That document is one of the most important things written during the Global War on Terror and it’s a primary source. It gives insight into his mindset, what made him angry, why he did this. Yet the document didn’t have a significant impact on the course of events, it has minimal propaganda value.
It’s a very important document to read because the lessons of the Global War of Terror have been forgotten in the Gaza strip.
Alternatively, we can recognize the blood soaked arena that is the intersection between capital, government, and political interest, letting us empathize with the team(s) of the short form video equivalent to Twitter not wanting the responsibility of distributing UGC insight into the mind behind 9/11 while running a business already under scrutiny.
The minimal propaganda value of Osama bin Laden on Israel-Palestine can always be read courtesy of the USG: https://www.dni.gov/files/documents/ubl2016/english/To%20the...
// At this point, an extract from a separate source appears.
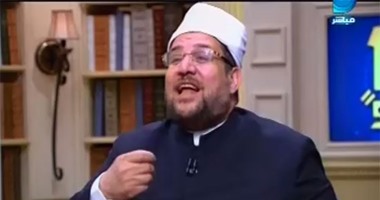 41 دولة و9 محكمين عرب وأفارقة يشاركون في مسابقة"الأوقاف" للقرآن الكريم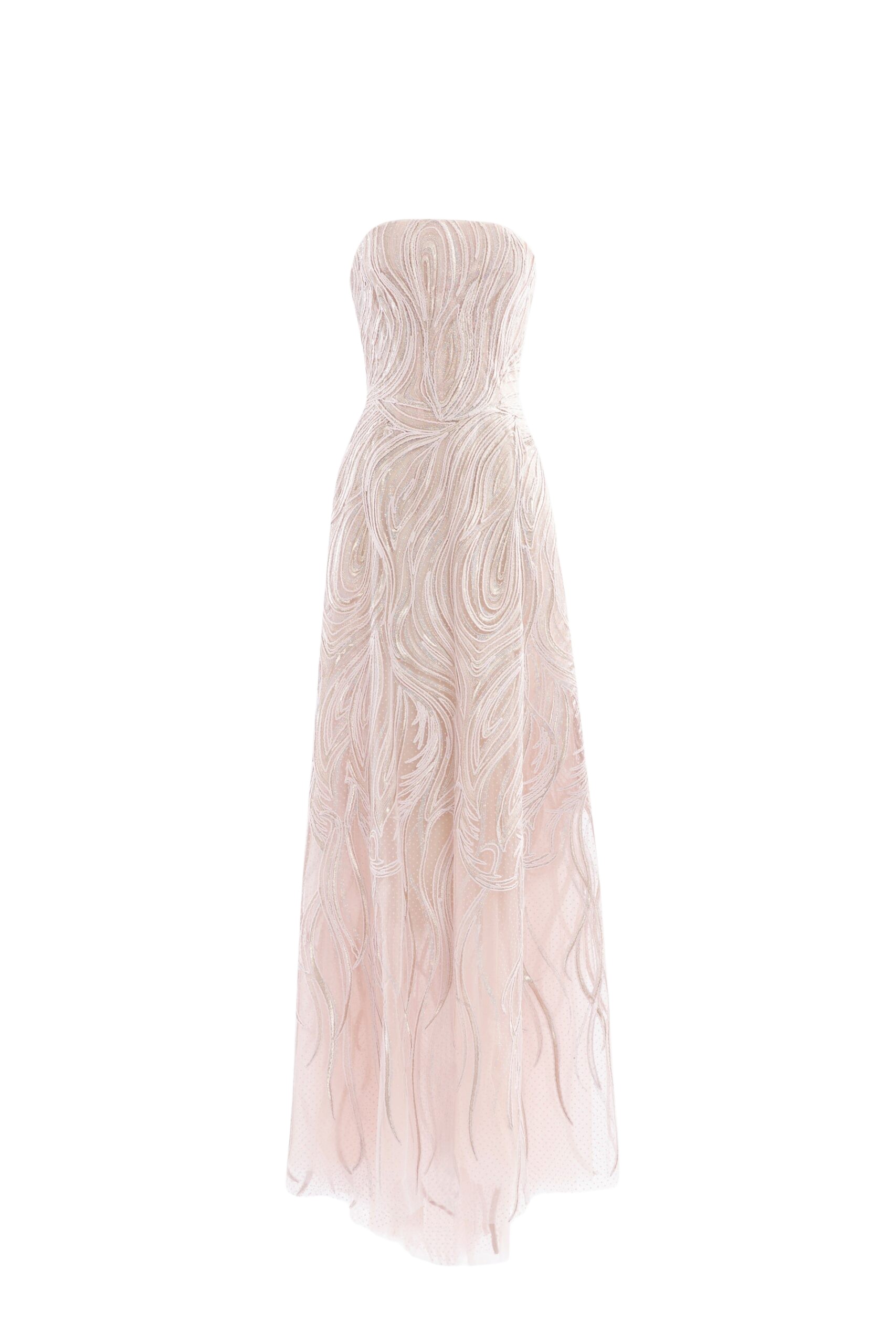 Saiid-Kobeisy-Embellished-Long-Dress-scaled41322_nobg Saiid Kobeisy gown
Maybe advertisers are the solution.. they won’t want to be associated with disinformation.
Are regular people not allowed to read or share content created by anyone the US government doesn’t like? Are people not allowed to form their own opinions?
What a joke. The “free” democratic west where communication is limited by a handful of large corporate interests and a murderous government that pressures them to censor content they don’t like.
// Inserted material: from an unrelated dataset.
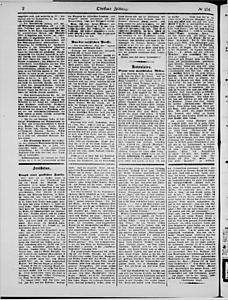 132345-Thumbnail Image.jpg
TikTok may be owned by a Chinese company but there is no doubt in my mind they are being pressured by US authorities to control what is disseminated on their platform. I don’t think congress just forgot about wanting to ban TikTok, I think it’s likely they were able to rein in control of the platform.
What Osama Bin Laden did in 2001 isn’t justifiable but neither is decades of US interventionist foreign policy that has left millions of innocent people dead or living in poverty and continues to the present day.
Aside, I have a pet theory involving how the game Battlefield 4 (2013) was banned in China. The plot does not depict China as some inherently Anti-Freedom Giant Evil Empire, but I think that--in the eyes of Chinese censors--it did something even worse: It suggested that there were cracks in the empire, that it was even possible for a rogue Chinese admiral to (in the then-future year 2020) stage a credible coup against the Chinese establishment.
Contrariwise his book later that decade Manufacturing Consent: The Political Economy of the Mass Media seems to be pretty much bang on the money outlining propaganda as an emergent behaviour that doesn't require an excess of particular directed pressure to come about.